Parole en suspens qui n’a pas encore fini de parler que le silence s’en empare déjà — en présence d’une écoute qui n’a pas fini d’écouter que le silence l’envahit, l’une et l’autre, prises ensemble et comme gelées ensemble, dans un au-delà de la parole et de l’écoute où ce qui est dit est su, tout en étant insu, redouté tout en étant appelé, pendant qu’elles attendent l’une et l’autre comme si elles espéraient que ce ne serait rien d’aussi grave et lourd à dire et à écouter.

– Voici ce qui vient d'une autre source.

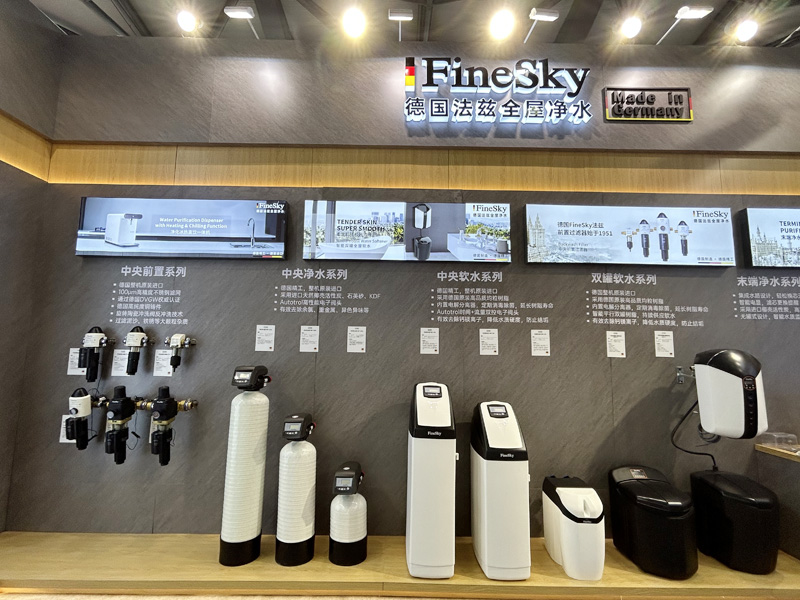 法兹加盟案例图 (2).jpg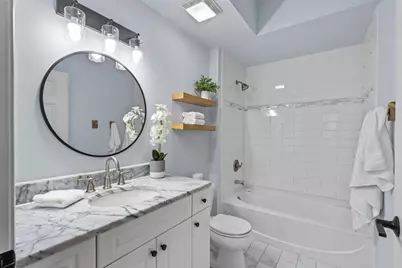 133 W Palatine Road #108, Palatine, IL 60067 - Photo 26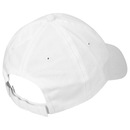 Boné Aba Curva Puma Ess - Ajustável - Adulto - Foto 2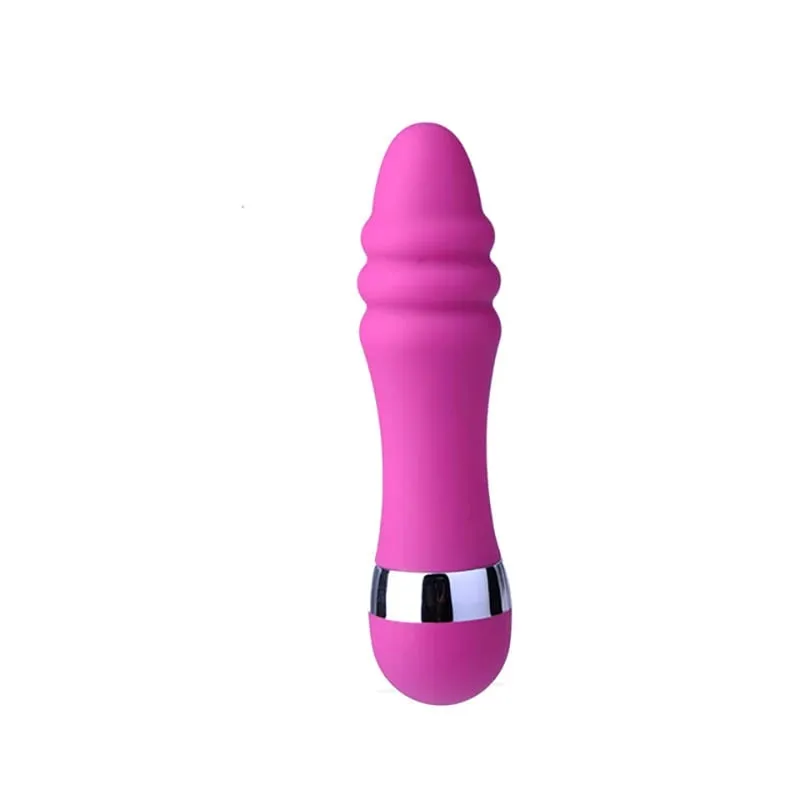 Vagina Massager Klitoris Stimulator Kugel Vibrator Tasche Masturbator Penis G-punkt Vibratoren Zauberstab Sex Spielzeug für Frauen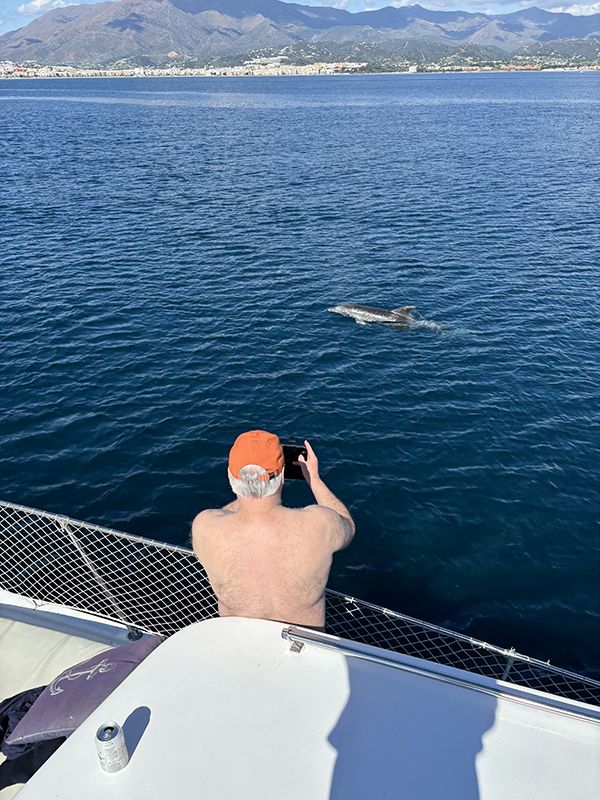 martingala-estepona-gallery09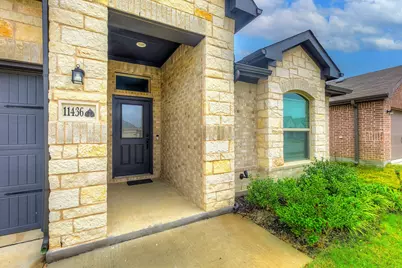 11436 Alpine Springs Drive, Aubrey, TX 76227 - Photo 3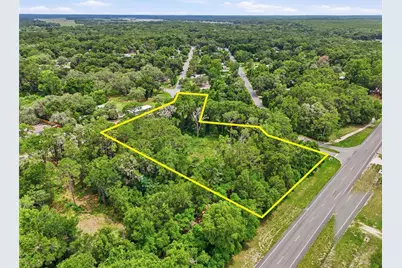 7002 N Castlebury, Hernando, FL 34442 - Photo 27
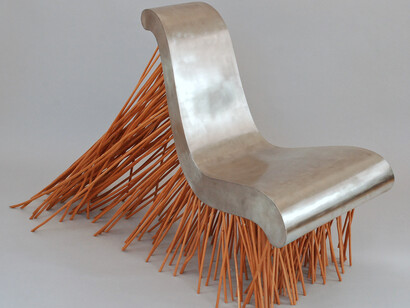 4. Grunert (TURNA in mostra)  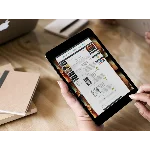 STEAM Магазин на CMS Digiseller с Админкой и шаблоном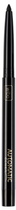 Олівець для очей Wibo Automatic Liner автоматичний 9 Black 5 г (5907439138135) - зображення 1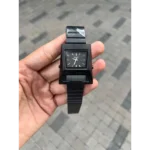 First Copy Gucci Watch For Men (LUT32)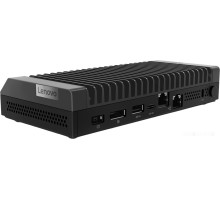 Компьютер Lenovo ThinkCentre M90n-1 Nano IoT 11AH000TRU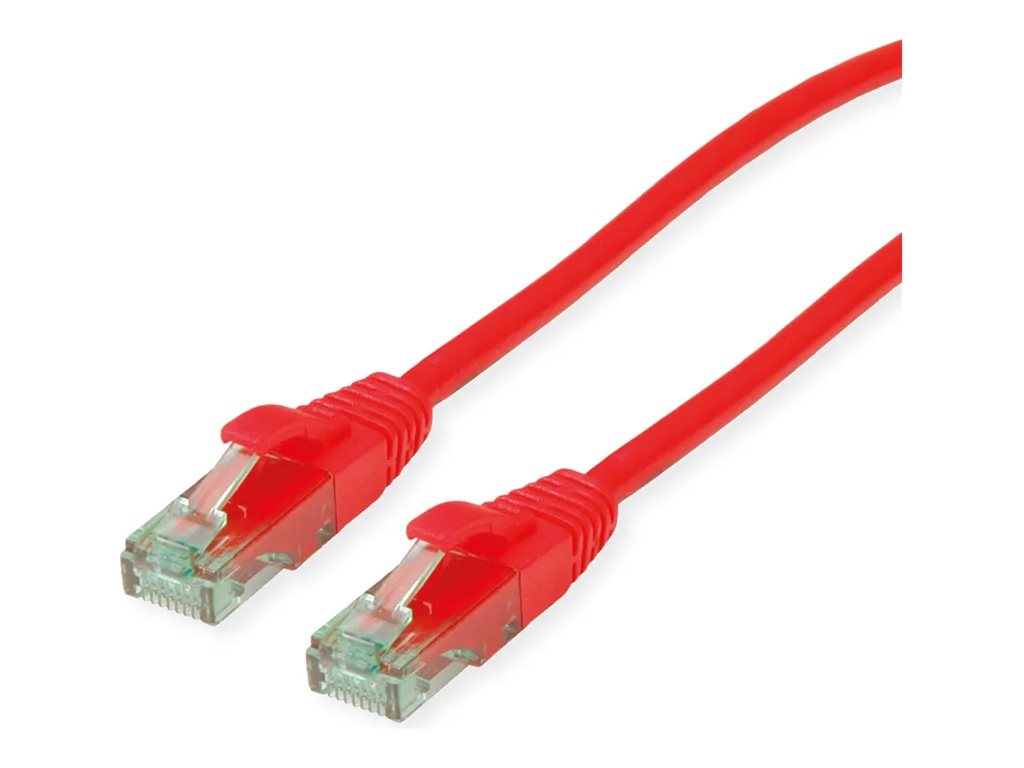 CCS Product Image (Right-angle/1024 x 768)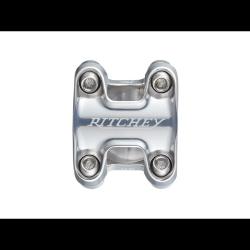 RITCHEY Classic C220 Silver 84d 31.8x90mm představec
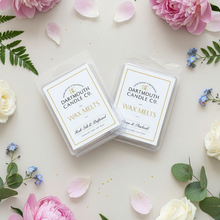 Load image into Gallery viewer, Wax Melts
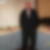 Profilbild von Rudolf Reiling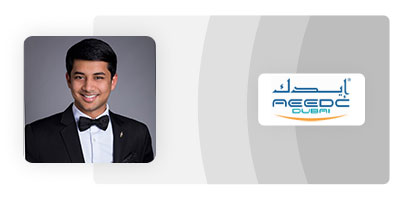 Dr.-Amey-Patil---Odontogenic-n-Orofacial-Pain-Odontogenic-Pain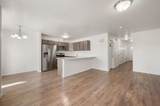 646 Trinity Way - Photo 8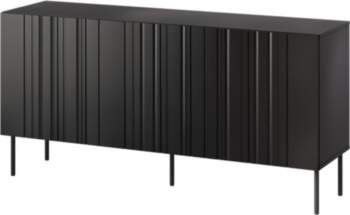 Cama ISLA 400066 kumode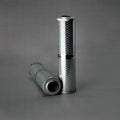 Filtro P164168
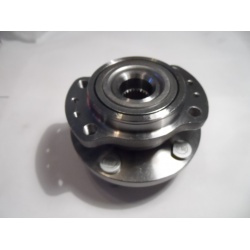 Guolis rato
                                ARG                                                ARB280, Nenurodytas gamintojas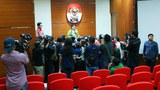 180723_ID_KPK_1000.jpg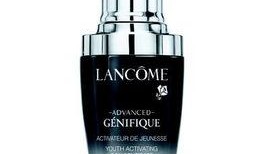 兰蔻alxw最新爆料,引领美妆潮流的全新力作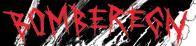 logo Bomberegn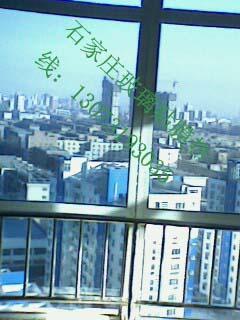 供應(yīng)隱私玻璃膜防窺保障構(gòu)筑*世界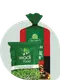 Chilled & Frozen Food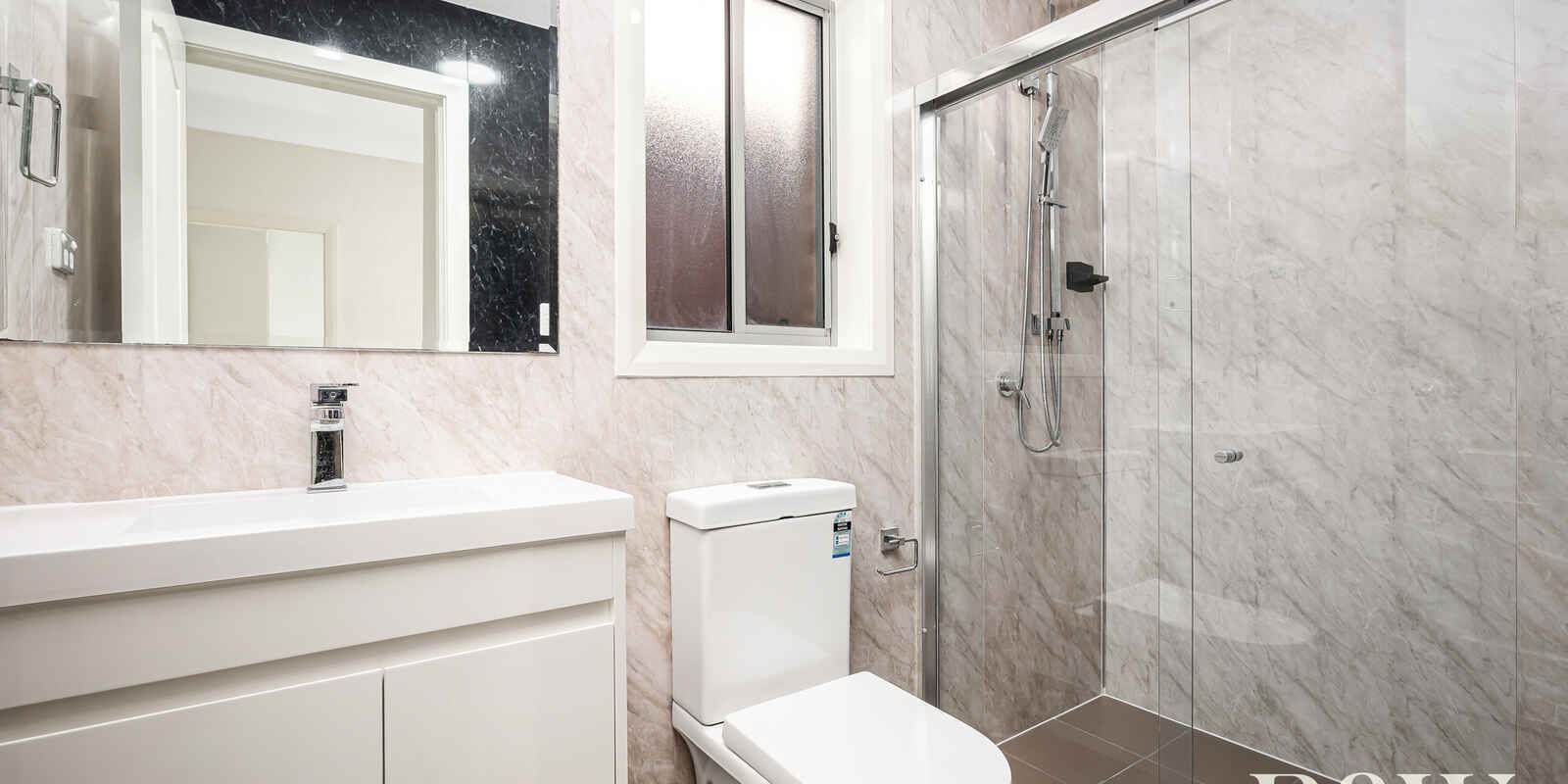 81 Carroll Crescent Plumpton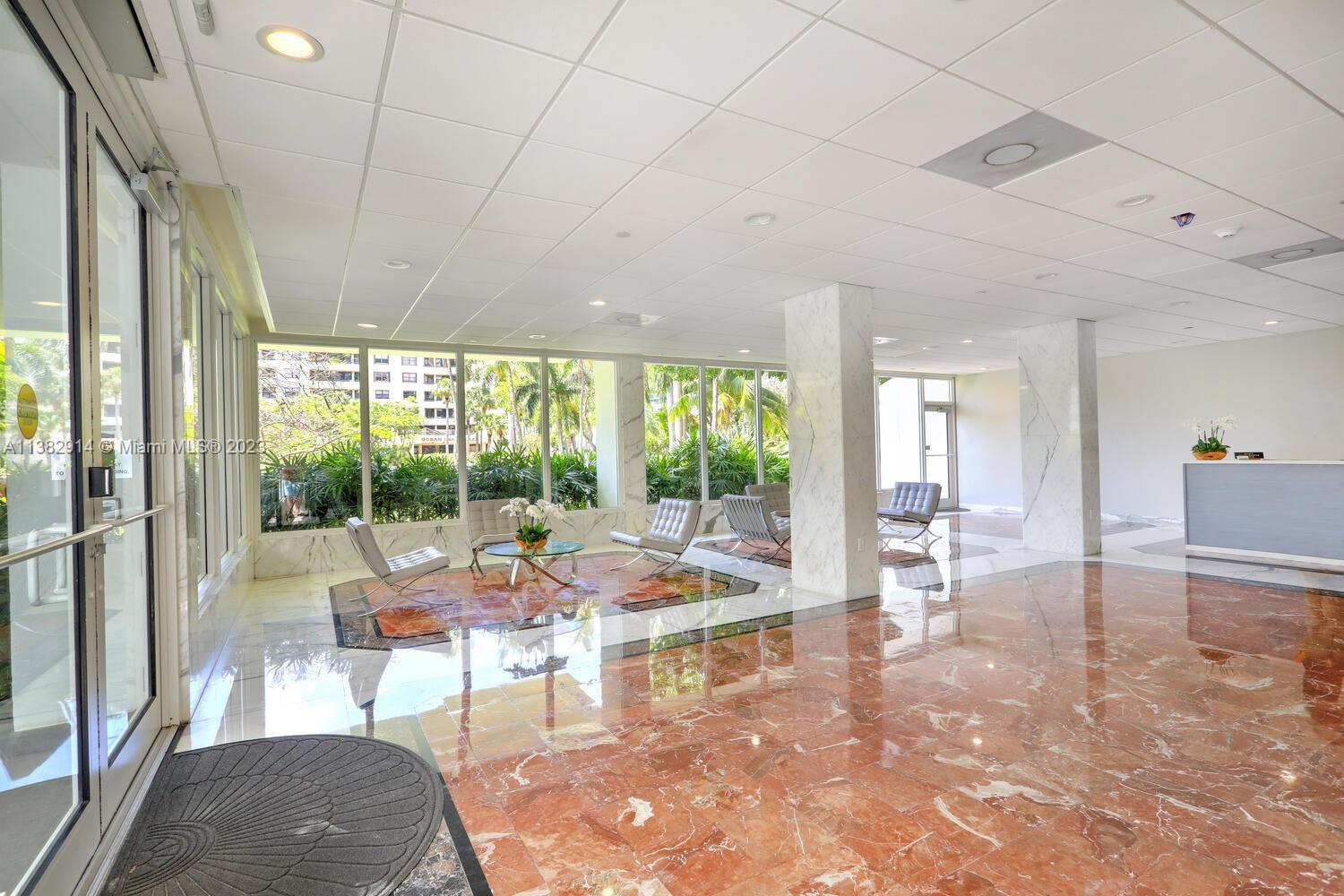 155 Ocean Lane Dr # 1009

Il faut le dire, ce genre de phrase, dans leur densité donc et aussi dans leurs paradoxes en apparence un peu faciles, continuent à me hanter. Surtout quand jamais, elles ne sont que (pour reprendre la distinction de Steiner entre dire et vouloir dire) commentaires et trouvent une incarnation, une figuration imagée que je dirais bien volontiers concrètes. Peut-être parce que cette voix est un degré supplémentaire sinon d’hallucination tout au moins d’un désir dingue de sens, de brisure de ce silence qui sans cesse rattrape. Avec ce que l’on pourrait entendre comme une part d’imitation, voire une volonté de s’intégrer dans un imaginaire occidental, Mohammed Dib fait tourner son personnage autour d’une curieuse fosse, le versant négatif, peut-être, de cette ville un peu trop parfaite. Les terrasses d’Orsol sont entièrement animées d’une profonde inquiétude, de ce flottement, pour ne pas dire cette hantise, de l’interprétation. Le narrateur, kafkaïen en diable est-ce bien utile de le préciser, est chargé d’envoyer des rapports, de trouver quelque chose à dire, d’inventer la justification de sa présence. Il voit, ou imagine, cette fosse ou des insectes, des figurations, ou des fantasmes, de la relégation. Ce sera l’autre aspect, assez passionnant, du silence que va explorer Mohammed Dib. Au-delà d’une scolaire bienséance, sur quels silences se fondent toute société, sur quels tabous, radicale étrangeté dont on ne saurait parler sans être relégué, on ne saurait parler ? Les mondanités, au fond, sont décrites comme une hallucination, avec une réalité aussi insuffisante, percée de silence on l’aura compris, à l’image d’un film de cinéma. Obstinément, le narrateur cherche à partager ses visions de la fosse, à en faire une réalité. La conscience s’emballe, nous sombrons dans le délire, dans sa radicale étrangeté que la prose des Terrasses d’Orsol parvient à nous faire entendre en tissant ses motifs, sans doute même les failles tacites d’une interprétation toujours insuffisante. Un roman constamment intrigant, dont la fascination reste sans explication, ne peut que continuer à m’interroger.


Un grand merci aux éditions Zulma pour l’envoi de ce roman.